The politics department has added a new 125-page limit for senior theses this year to counter the perception among students that longer theses are better. Theses that exceed this limit will not be eligible for departmental prizes.
“Any pages after 125 may or may not be read by the second reader,” Markus Prior, the director of undergraduate studies for the politics department, said in an email to seniors.
The policy had been discussed for several years, according to politics department chair Nolan McCarty. He said the policy was implemented in part to encourage students to focus on editing their theses more carefully.
Last year, members of the Class of 2012 submitted a total of 104 senior theses to the politics department. These ranged from 58 pages to over 200 pages, and a quarter of them exceeded 125 pages.
In addition, many of the prize-winning theses from the Class of 2012 had page counts in excess of 125 pages. One of the winning theses was more than 200 pages long, far exceeding the new guidelines.
“Some very good theses were 180, 200 pages long, unnecessarily,” McCarty said. “There was the sense that students were getting that that’s what we wanted, and that to be competitive for a prize, you needed to write a 200-page thesis, which was actually counterproductive because we were evaluating those theses more harshly than we would have had they been judiciously edited.”
Limitations on senior thesis length are not common among other departments, though some others have either word or page limits. In particular, the Wilson School’s policy is identical to the new politics department policy — a 125-page limit that must be adhered to for prize eligibility and a guaranteed second reading.
In other departments that have word or page limits, though, theses that exceed the limits are still eligible for prizes. Also, page limits are clearer and easier to enforce than word limits.
McCarty said the politics department would be strictly adhering to the new policy.
“If it says 125 pages, it’s 125 pages,” he said.
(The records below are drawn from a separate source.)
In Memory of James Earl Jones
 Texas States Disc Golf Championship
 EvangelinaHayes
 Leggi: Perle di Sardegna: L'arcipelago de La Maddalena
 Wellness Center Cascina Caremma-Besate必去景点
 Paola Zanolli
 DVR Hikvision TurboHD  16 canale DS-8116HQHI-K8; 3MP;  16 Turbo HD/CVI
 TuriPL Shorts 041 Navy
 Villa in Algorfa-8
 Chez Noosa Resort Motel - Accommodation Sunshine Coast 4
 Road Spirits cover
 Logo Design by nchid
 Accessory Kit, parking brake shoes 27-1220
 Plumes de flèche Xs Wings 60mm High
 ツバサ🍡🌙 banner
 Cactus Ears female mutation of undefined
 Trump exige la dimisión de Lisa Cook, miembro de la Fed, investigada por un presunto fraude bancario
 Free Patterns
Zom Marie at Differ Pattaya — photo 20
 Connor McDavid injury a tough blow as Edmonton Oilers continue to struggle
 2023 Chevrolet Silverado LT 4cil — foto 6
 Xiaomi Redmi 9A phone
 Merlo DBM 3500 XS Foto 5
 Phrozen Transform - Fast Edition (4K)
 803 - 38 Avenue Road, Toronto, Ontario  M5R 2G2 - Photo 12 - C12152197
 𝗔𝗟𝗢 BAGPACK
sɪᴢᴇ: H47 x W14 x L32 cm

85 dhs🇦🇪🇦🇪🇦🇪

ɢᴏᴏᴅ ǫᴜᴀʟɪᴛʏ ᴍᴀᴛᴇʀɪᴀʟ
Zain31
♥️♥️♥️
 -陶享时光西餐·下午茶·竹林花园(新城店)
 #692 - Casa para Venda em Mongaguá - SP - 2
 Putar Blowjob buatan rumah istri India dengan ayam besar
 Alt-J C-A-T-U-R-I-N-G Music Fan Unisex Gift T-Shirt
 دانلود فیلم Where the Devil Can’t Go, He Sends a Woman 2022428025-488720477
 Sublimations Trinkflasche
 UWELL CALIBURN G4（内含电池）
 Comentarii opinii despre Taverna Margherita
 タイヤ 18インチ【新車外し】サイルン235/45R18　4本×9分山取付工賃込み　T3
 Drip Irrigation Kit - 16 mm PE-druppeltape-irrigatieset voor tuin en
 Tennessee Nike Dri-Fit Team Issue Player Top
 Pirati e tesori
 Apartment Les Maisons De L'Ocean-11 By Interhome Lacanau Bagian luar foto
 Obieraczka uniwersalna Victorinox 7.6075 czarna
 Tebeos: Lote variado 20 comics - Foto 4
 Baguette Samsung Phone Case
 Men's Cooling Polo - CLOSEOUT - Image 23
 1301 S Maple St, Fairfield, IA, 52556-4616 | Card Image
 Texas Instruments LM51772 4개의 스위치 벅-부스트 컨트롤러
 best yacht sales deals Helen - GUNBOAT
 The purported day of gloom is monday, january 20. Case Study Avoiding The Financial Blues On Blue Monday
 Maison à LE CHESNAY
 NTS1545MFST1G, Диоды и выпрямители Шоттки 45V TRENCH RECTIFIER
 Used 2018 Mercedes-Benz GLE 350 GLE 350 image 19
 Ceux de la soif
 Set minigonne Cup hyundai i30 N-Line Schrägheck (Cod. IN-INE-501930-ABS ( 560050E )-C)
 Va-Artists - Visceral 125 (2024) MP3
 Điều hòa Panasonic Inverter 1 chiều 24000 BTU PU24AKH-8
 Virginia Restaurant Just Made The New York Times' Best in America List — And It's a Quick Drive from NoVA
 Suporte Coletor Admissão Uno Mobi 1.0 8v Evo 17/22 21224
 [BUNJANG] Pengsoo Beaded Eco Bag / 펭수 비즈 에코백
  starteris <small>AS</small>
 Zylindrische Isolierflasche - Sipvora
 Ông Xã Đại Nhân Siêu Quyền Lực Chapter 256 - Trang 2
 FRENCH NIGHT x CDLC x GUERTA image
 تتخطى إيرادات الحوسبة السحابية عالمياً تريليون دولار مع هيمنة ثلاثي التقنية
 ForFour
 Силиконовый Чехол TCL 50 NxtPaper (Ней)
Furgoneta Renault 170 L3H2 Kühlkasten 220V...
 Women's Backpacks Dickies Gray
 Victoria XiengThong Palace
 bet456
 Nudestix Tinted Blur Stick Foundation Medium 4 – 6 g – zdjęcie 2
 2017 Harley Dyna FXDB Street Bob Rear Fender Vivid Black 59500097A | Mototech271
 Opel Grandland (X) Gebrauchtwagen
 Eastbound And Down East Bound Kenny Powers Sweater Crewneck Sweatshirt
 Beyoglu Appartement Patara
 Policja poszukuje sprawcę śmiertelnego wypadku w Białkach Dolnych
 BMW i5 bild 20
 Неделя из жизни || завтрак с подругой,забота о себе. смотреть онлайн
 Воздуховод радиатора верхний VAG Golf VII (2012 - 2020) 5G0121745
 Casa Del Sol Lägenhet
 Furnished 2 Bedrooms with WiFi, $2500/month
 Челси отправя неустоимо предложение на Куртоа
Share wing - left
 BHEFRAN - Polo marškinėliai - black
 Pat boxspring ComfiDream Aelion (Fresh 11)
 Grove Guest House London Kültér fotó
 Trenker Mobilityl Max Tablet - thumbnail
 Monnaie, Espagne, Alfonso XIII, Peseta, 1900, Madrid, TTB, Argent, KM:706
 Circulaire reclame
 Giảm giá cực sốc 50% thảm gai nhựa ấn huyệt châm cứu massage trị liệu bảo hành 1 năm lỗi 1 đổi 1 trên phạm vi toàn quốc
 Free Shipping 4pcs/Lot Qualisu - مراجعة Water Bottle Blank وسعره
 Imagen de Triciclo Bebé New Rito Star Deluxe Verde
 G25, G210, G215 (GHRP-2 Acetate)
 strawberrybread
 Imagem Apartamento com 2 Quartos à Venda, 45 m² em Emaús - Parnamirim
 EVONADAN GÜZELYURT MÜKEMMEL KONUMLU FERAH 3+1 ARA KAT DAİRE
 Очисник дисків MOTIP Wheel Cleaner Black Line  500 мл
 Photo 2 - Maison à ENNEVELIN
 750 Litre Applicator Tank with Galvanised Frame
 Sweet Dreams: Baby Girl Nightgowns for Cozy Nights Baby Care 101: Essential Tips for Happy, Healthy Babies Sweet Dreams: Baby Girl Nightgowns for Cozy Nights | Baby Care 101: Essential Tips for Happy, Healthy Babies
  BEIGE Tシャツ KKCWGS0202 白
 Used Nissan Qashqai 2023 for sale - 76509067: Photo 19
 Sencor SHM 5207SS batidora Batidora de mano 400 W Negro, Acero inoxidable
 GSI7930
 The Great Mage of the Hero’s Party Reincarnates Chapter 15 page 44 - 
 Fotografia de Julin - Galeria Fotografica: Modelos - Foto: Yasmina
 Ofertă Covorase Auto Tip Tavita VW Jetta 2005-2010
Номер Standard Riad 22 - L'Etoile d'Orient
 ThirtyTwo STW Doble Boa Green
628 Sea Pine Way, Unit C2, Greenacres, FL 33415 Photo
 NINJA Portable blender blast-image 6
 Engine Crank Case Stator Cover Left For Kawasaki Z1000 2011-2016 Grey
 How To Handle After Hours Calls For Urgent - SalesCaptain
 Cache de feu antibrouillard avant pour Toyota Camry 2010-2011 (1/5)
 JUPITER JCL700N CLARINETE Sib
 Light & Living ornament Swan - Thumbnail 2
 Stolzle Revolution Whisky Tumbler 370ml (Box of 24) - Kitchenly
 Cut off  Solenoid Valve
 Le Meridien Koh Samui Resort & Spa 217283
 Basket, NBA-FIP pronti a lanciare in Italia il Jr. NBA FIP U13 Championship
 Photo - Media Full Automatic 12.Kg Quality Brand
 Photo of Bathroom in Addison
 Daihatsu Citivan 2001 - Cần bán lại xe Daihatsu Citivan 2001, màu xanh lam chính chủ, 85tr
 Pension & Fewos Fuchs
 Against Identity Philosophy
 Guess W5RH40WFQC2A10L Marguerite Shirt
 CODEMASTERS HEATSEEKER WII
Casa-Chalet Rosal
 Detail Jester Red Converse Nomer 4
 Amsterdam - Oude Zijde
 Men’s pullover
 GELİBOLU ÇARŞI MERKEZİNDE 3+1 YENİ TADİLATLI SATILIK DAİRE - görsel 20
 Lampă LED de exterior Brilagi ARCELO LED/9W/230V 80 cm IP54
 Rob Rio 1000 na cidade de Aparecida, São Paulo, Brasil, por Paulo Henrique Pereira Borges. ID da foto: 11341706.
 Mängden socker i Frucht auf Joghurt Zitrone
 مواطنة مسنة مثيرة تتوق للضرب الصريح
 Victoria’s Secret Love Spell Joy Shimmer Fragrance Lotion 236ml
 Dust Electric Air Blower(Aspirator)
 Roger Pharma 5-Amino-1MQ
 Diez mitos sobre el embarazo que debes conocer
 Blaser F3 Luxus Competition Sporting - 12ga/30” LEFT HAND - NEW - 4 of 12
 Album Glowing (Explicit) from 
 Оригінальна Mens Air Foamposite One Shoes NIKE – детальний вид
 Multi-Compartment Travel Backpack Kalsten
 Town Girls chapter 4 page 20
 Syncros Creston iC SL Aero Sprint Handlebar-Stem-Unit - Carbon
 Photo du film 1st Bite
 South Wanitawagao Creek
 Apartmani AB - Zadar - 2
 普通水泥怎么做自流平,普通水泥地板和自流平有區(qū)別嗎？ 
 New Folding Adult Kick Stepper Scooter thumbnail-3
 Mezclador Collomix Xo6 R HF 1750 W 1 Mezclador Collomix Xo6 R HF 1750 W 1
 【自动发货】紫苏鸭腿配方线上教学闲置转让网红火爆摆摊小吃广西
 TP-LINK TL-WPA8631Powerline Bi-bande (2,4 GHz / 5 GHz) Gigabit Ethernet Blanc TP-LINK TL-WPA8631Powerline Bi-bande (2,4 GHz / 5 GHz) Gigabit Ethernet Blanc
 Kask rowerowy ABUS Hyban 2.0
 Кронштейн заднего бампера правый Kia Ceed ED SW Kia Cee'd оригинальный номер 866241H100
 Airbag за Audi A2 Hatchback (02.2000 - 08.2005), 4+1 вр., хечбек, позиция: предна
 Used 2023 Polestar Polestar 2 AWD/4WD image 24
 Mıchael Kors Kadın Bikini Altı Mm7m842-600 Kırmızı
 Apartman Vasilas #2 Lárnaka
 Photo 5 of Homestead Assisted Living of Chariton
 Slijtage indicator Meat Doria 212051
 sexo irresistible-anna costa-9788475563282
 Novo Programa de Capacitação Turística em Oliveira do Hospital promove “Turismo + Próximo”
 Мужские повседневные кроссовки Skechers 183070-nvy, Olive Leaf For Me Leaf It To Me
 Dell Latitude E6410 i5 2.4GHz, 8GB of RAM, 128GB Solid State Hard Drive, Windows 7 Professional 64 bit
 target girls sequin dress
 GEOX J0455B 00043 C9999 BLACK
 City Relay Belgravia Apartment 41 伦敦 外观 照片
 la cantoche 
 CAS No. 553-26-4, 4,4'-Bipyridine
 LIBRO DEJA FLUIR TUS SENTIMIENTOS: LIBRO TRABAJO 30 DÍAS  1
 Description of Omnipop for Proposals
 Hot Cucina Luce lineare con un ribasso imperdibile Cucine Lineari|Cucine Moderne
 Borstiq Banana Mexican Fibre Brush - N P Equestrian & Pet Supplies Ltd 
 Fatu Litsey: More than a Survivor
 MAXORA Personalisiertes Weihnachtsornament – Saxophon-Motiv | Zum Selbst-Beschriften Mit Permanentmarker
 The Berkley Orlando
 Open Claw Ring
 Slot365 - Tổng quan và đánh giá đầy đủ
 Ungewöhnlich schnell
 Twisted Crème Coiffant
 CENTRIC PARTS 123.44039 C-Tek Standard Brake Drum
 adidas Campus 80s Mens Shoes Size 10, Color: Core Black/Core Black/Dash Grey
On the other hand, the French and Italian department requires theses to fall within a 15,000 to 20,000-word range. While theses that don’t fall within this range might receive lower grades, they are still eligible for prizes. In addition, these restrictions are intended to provide a lower limit rather than an upper limit, according to Departmental Representative Simone Marchesi.
“I’ve never had a case in which the thesis was too long,” Marchesi said. “But there have been cases in which the theses have been excessively on the short side.”

Seniors in the politics department said they weren’t concerned with the new limitation right now.
“I was a little bit surprised to know that there was an upper limit, but I figured that they just gave you some reference range,” politics undergraduate committee member Josh Webman ’13 said. “I don’t really see [the policy] being a problem for me.”